2016年におとずれたときは4月の小春日和だったこともあり、ポカポカしてとても気持ちがよかったことを覚えています。そんな気持ちのいい日に、↓下の写真のような花々や、緑に囲まれた静かな環境がむかえてくれたために、空木という場所に良い印象をもったのだと思います。
道をすすんでいくと、「垢離場(こりば)」のすぐそばの崖の上に、今回ご紹介する空木の庚申塔が祀られていました。垢離場とは、神仏に祈願するとき水で身体を清める場所です。庚申塔のちかくの愛宕(あたご)という神社で神事をするときに使用されるようです。
垢離場のすぐ北側の崖の上に、石灯籠とともに庚申塔が祀られています。
風化がすすみとても見えにくいですが、一面六臂の青面金剛が刻まれています。青面金剛像の足元には猿らしき像が1体刻まれているようですが、はっきりとわかりません。塔身-笠をつなぐ部分と、塔身-土台をつなぐ部分が、あとから修復しつながれているようです。
近くにある案内板によると、この傷跡は平成16年の台風で壊れたときについたもののようです。空木の庚申塔が現在の場所に祀られる経緯が、詳細に案内板に記されていたので、箇条書きでご紹介します↓
・もともと10mの岩上にあった
・平成16年9月の台風18号で川におちた
・平成17年3月に川中で発見された
・三猿二鶏は欠けてしまっていた
・平成17年3月盗難にあった
・5日後もとにもどされていた
・平成17年4月現在の位置にまつられた
悪疫退散・招福・除災・農作物の豊作・交通安全を祈願して空木集落の全員で祀ったと、案内板はしめくくっています。

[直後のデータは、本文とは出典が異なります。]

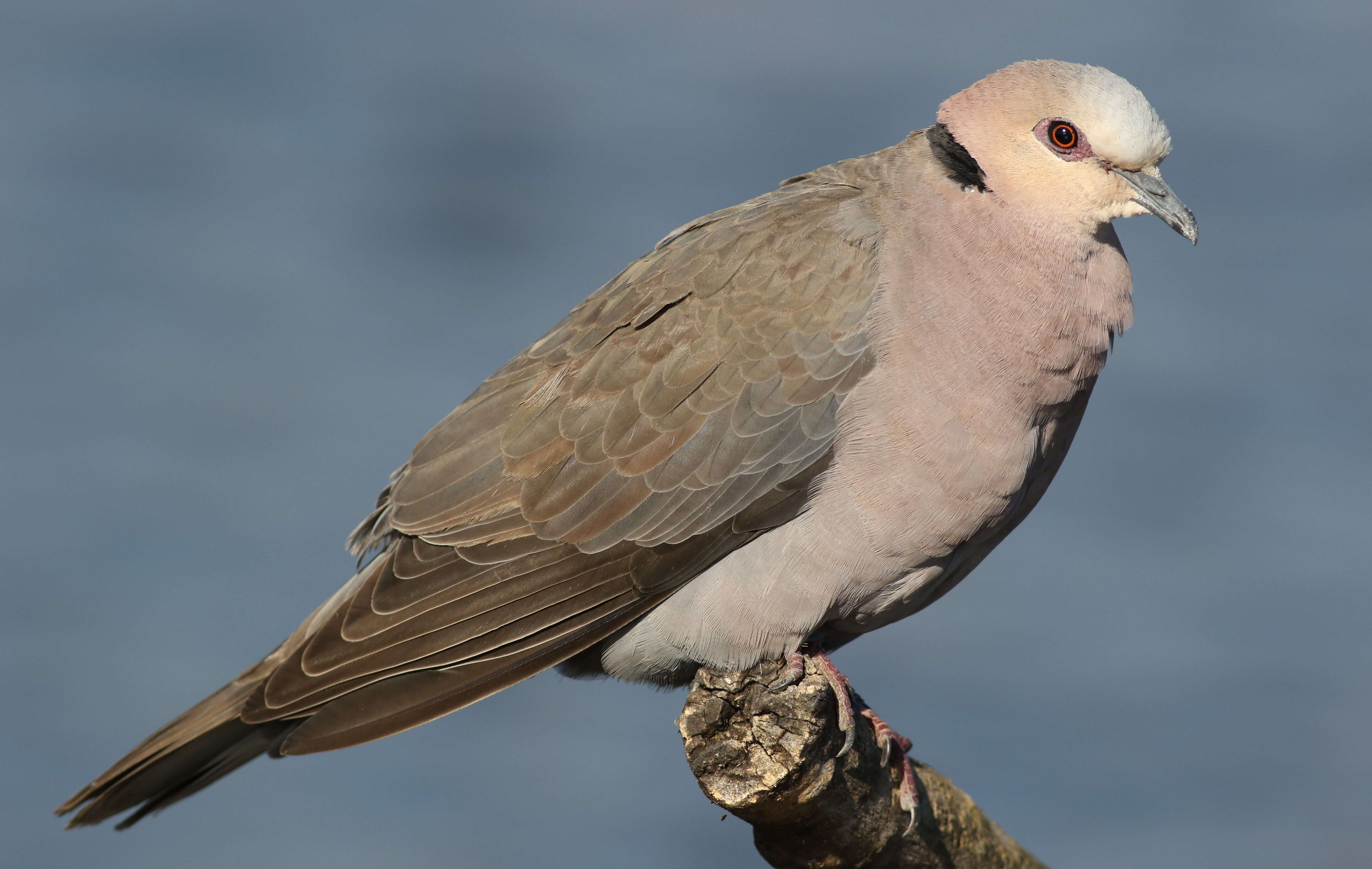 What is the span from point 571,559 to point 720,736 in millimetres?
984

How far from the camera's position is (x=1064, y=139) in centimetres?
424

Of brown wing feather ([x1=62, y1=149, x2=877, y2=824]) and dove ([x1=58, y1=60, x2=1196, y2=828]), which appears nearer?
dove ([x1=58, y1=60, x2=1196, y2=828])

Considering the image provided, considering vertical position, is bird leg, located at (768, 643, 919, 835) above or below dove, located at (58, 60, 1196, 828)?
below

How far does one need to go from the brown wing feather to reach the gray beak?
86 centimetres

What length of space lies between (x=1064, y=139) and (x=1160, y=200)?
37 centimetres

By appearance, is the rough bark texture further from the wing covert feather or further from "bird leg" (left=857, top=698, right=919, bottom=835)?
the wing covert feather

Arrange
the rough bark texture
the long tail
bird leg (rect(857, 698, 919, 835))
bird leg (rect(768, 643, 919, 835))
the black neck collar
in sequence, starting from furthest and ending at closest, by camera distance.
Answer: the long tail → the black neck collar → bird leg (rect(857, 698, 919, 835)) → bird leg (rect(768, 643, 919, 835)) → the rough bark texture

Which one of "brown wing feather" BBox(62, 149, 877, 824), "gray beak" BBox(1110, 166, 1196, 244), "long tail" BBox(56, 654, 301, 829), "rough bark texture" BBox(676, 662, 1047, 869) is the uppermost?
"gray beak" BBox(1110, 166, 1196, 244)

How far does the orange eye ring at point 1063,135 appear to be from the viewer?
13.9ft

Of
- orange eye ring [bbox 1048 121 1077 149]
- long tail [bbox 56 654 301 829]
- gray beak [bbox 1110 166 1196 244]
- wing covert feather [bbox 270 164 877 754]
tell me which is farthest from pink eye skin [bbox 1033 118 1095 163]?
long tail [bbox 56 654 301 829]

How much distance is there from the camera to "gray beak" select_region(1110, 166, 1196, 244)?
163 inches

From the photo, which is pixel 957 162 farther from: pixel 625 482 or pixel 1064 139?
pixel 625 482

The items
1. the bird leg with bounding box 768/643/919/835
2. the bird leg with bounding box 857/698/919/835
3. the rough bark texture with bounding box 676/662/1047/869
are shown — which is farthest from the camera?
the bird leg with bounding box 857/698/919/835

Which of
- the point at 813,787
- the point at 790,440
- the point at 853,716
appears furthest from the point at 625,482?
the point at 813,787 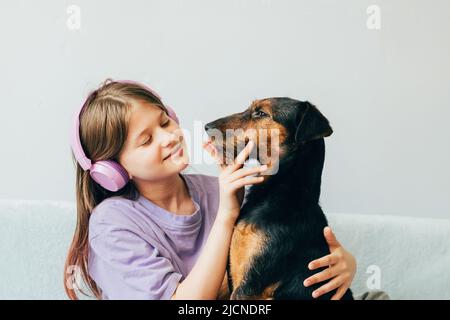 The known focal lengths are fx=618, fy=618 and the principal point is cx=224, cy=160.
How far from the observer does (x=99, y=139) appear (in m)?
1.10

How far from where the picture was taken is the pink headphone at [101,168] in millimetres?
1097

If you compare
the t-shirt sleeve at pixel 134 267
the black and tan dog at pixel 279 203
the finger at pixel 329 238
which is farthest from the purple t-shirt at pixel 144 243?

空木の庚申塔はいつごろ造られたものなのでしょう?私は建立年をたしかめていなかったので、国東半島の庚申塔を調査しつづけている小林幸弘氏のホームページ『国東半島の庚申塔』を参照させていただきます。ここ↓では建立年は明和五年(1768年)と紹介されています。
参照(空木の庚申塔):http://5884koshinto.my.coocan.jp/11takada/11112.html
『国東半島の庚申塔 (小林幸弘著)』Kindle位置番号56/246では、豊後高田市でもっとも古く、同時に国東半島で最古でもある有銘庚申塔は1624年の建立と紹介されています。
豊後高田市でもっとも新しい庚申塔は1901年であるため、空木の庚申塔(1768)は豊後高田市の庚申塔の歴史内では、ちょうど中期にあたるものです。
国東半島における庚申塔の歴史をみても、ここ豊後高田市田染地区は特殊な地区のようです。というのは、庚申塔の歴史初期である1600年代につくられた庚申塔が、国東半島全体でみても、ここ田染地区に多数あるということが理由です。
田染地区にある初期の庚申塔(文字塔)には、天台宗の影響が反映されているようで、『法華経』の一部が刻まれていたり、梵字種子が刻まれているなどの庚申塔もみつかっています(参照:『国東半島の庚申塔 (小林幸弘著)』Kindle位置番号56/246)
1600年代につくられた文字塔はどのようなものなのなのでしょう?小林幸弘氏のホームページ『国東半島の庚申塔-豊後高田市の庚申塔所在地一覧』で、1600年代造立年の庚申塔を写真で確認できます。
私も2016年に文字庚申塔のもとへいっていました。また別の機会にご紹介できればと思います。